Allianz Trade estime que la France pourrait perdre jusqu’à 1,8 % de ses recettes fiscales annuelles à cause des canicules, en raison de la baisse de la production de richesse et de l’augmentation des dépenses publiques.
Au total, le solde budgétaire se dégraderait mécaniquement d’environ 0,5 point de PIB par an en moyenne sous l’effet de ces épisodes répétés de chaleur extrême, selon les projections du crédit assureur.
Mobiliser l’investissement privé pour la décarbonation et l’adaptation
Face à ces chocs énergétiques et climatiques, Emmanuel Moulin insiste sur la nécessité de mobiliser massivement l’investissement privé. Pour le gouverneur, le financement de la décarbonation et de l’adaptation de l’économie ne peut pas reposer uniquement sur les budgets publics. La modernisation du parc immobilier, l’adaptation des infrastructures de transport, la sécurisation de la production d’énergie et la transformation des systèmes de production agricoles et industriels exigeront des montants considérables, difficilement soutenables sans un engagement important des marchés de capitaux et du secteur financier.
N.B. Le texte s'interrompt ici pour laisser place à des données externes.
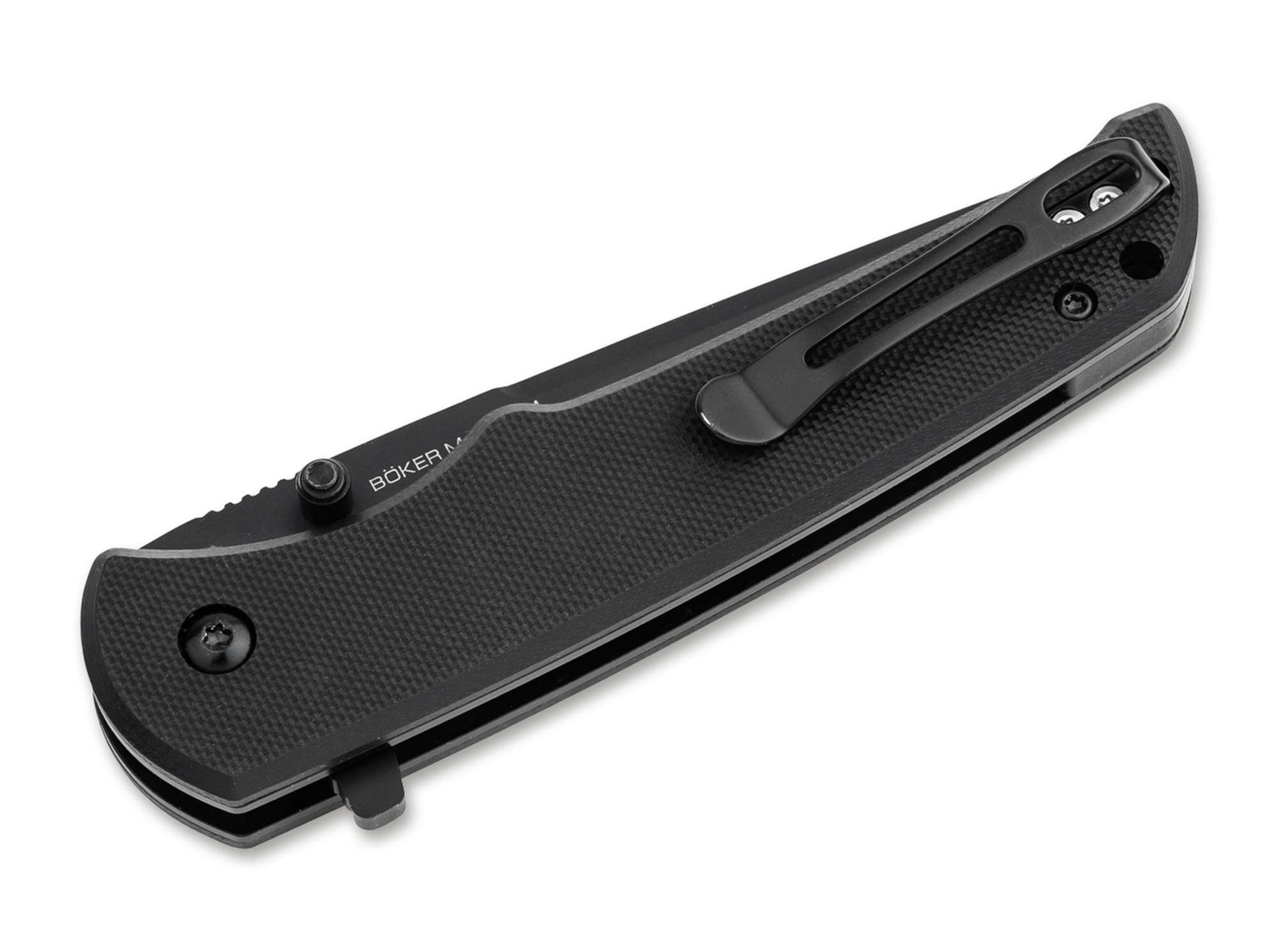 Böker Magnum Blackjay Taschenmesser – 440A Stahl, Button Lock, Flipper, G10 Griff – EDC-Messer in Schwarz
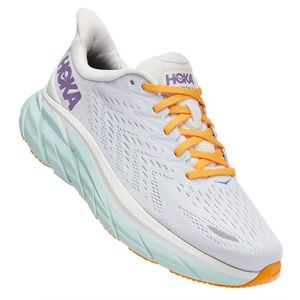 Tênis HOKA Clifton 8 Feminino - Branco / Azul Claro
Les travaux de la Banque de France et les scénarios du NGFS montrent que retarder les politiques de transition alourdit la facture économique, tandis qu’une action précoce de réduction des émissions et d’adaptation des infrastructures limite les épisodes extrêmes, les pertes de PIB et les risques bancaires et assurantiels.
Dans ce contexte, le diagnostic de la Banque de France sur l’« Impact des canicules sur la croissance économique selon la Banque de France » met en lumière un double enjeu : intégrer systématiquement le risque climatique dans les prévisions macroéconomiques et les outils prudentiels, et accélérer la réorientation des flux financiers vers des investissements capables de rendre l’économie française plus résiliente face à la montée des températures.